Monday, 5 March 2012

Marriage: The Tipping Point 2

When David Cameron told his party conference in October that he supported gay marriage because he was a Conservative, he may not have fully anticipated the range and force of the opposition that he would elicit. He knows now. Despite a torrent of criticism from clerical and political opponents of same-sex marriage, Mr Cameron is right. Legal equality of same-sex marriage with the marriage of a man and a woman would be a just and wise reform. It would enrich the institution of marriage, enhance social stability and expand the sum of human happiness. It is a cause that has the firm support of The Times.
The Government will begin a consultation this month on introducing legislation to allow same-sex marriages. Opponents accuse the Government of undermining the foundations of marriage and abusing the power of the State. It was predictable that some Conservative backbenchers would deride the proposals as (in the words of one of them) “completely nuts”. But more influential figures are deploying similarly heated rhetoric.
Cardinal Keith O’Brien, the leader of the Roman Catholic Church in Scotland, yesterday branded the Government’s position a “grotesque subversion of a universally accepted human right”. Dr John Sentamu, the Archbishop of York, has accused the Government of acting like a dictatorship. More temperately, Dr Rowan Williams, the Archbishop of Canterbury, maintains that changing the law to allow gay marriage would force unwanted change on the rest of the nation.
If the critics were to restrict their case to stressing the institution of marriage as a support for stable families and societies, they would be making an important contribution to debate.
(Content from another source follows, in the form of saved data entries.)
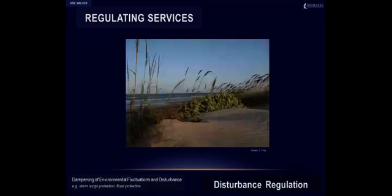Disturbance regulation is the role that ecosystems play in reducing environmental fluctuations and disturbances. Protection from storm surge, hurricanes and floods are good examples of this service. In this picture we see a vegetated dune. If a hurricane were to hit this coast, the dune would play a crucial role in reducing the damaging power of water surge, waves and strong winds.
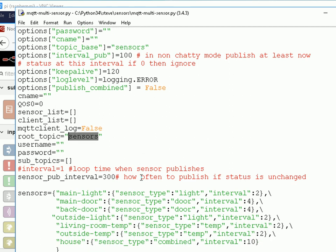I'm going to publish on sensors slash something, and these are the sensor names and the configurations, so I'm using main light, main door, etc. And it's a light sensor, and the interval is two seconds, this one's four seconds, and this one's two seconds.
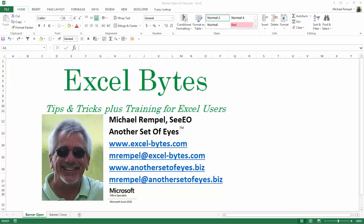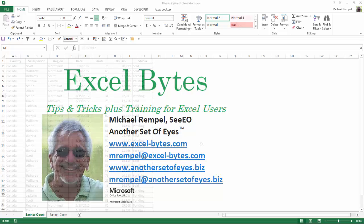Today's a neat trick that I picked up from a book from Mr. Excel, Bill Jelen, who gives credit to Bob Umblis for teaching him this trick, and it all has to do with inserting blank rows in a range of data. So let's take a look.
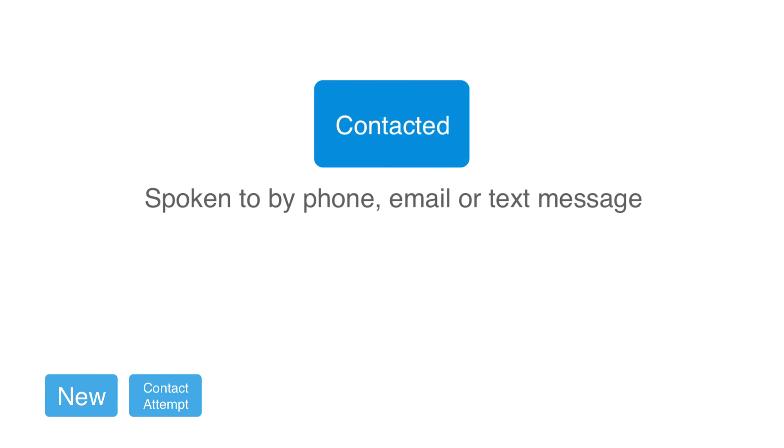A prospect in the contacted status is someone you've spoken to on the phone or received an email or text message from. Maybe you've even had some back and forth emails or multiple phone conversations, but that's as far as it's gotten.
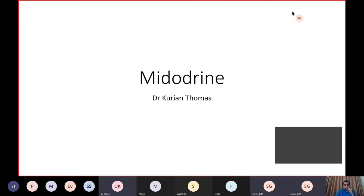Good evening friends. Today's talk is on Midodrine. Though we have read about Midodrine, I don't think many of us have freely used Midodrine in our practice. I would like to thank my teacher Dr. J.R.K. Sarmasar for giving me an opportunity to present here again in this forum. Orthostatic hypotension is a day-to-day issue that we all face, and this less commonly used drug might be a useful option in our day-to-day practice.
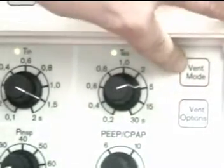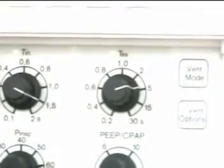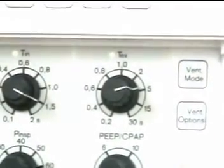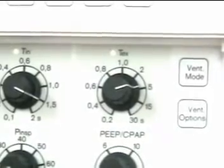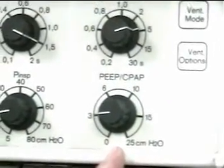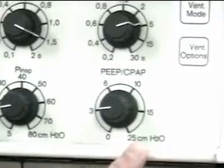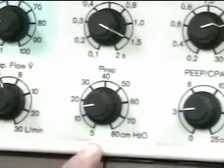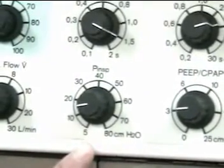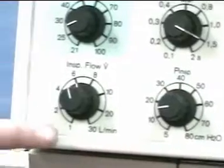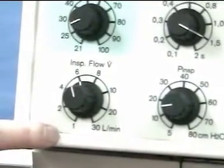The dial over here is the ventilator modes button. Below it is ventilator options. Down at the bottom is the PEEP CPAP value in centimeters of water pressure. Next to it is peak inspiratory pressure, and off to the left at the bottom is inspiratory flow in liters per minute.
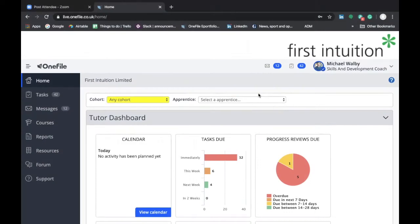Welcome to the second in a series of videos on how to use OneFile. My name is Michael Walby and I'm a skills and development coach here at First Intuition. In this second video we'll look at how to change your password and update your profile details.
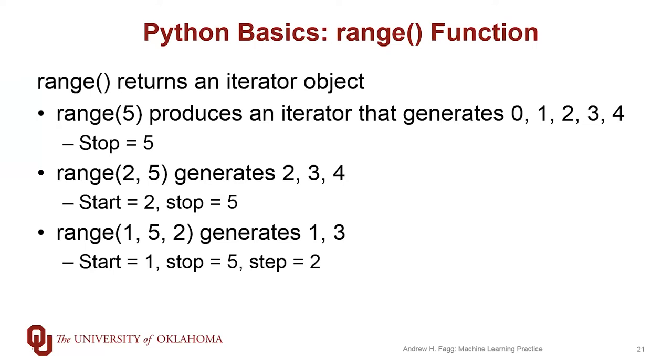For range with two parameters, the first parameter is your starting point, the second parameter is your ending point. It's going to iterate inclusive of the start and exclusive of the end. So range two and five will produce two, three, four.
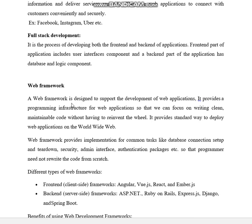A web framework is designed to support the development of web applications. It provides a programming infrastructure for web applications so that we can focus on writing clean, maintainable code without having to reinvent the wheel. It provides a standard way to deploy web applications on the world wide web.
And, though Cardinal O’Brien and Dr Sentamu have chosen to embellish their argument with absurd and inflammatory invective, Dr Williams, a Christian leader of great intellectual gifts, raises an issue that should give pause to those who support change.
Reforms to marital law need to be informed by a sense of history, lest they give rise to unintended and damaging consequences. Only in the past generation has the principle of same-sex marriage gained widespread support. It is not a frivolous criticism that the legitimacy of marriage and the social cohesion that it provides might be damaged if the law is rewritten without regard for how most people understand an historic institution.
The objection is misguided, even so. British society has in 45 years gone from decriminalising homosexuality to introducing civil partnerships. That legislative and cultural distance is immense. Only one of the reasons that such reforms have enhanced the quality of life is their expansion of personal liberty. Recognising the validity of homosexual relationships serves the public good too. It has encouraged gay couples to commit to enduring partnerships, in which many show a devotion, care and disinterested love that do far more to create ordered domesticity than government programmes could ever achieve.
So far from damaging marriage, expanding it to same-sex couples shores it up. Stable gay relationships are a part of national life. If marital law cannot accommodate them, the purpose of marriage will eventually be brought into question. Gay marriage will be a notable but still evolutionary social reform. And the marriage contract has changed historically to take account of shifting mores.
Earlier ages considered that allowing women to own property was against God and nature. Changing the law abolished a gross injustice and thereby enhanced the legitimacy of marriage. It is time to lift another form of discriminatory treatment. Reforming the law would enrich the lives of same-sex couples who wish to marry in order to affirm by rite that they love and are loved in return. By that commitment, they will enrich the society and culture that their fellow citizens share.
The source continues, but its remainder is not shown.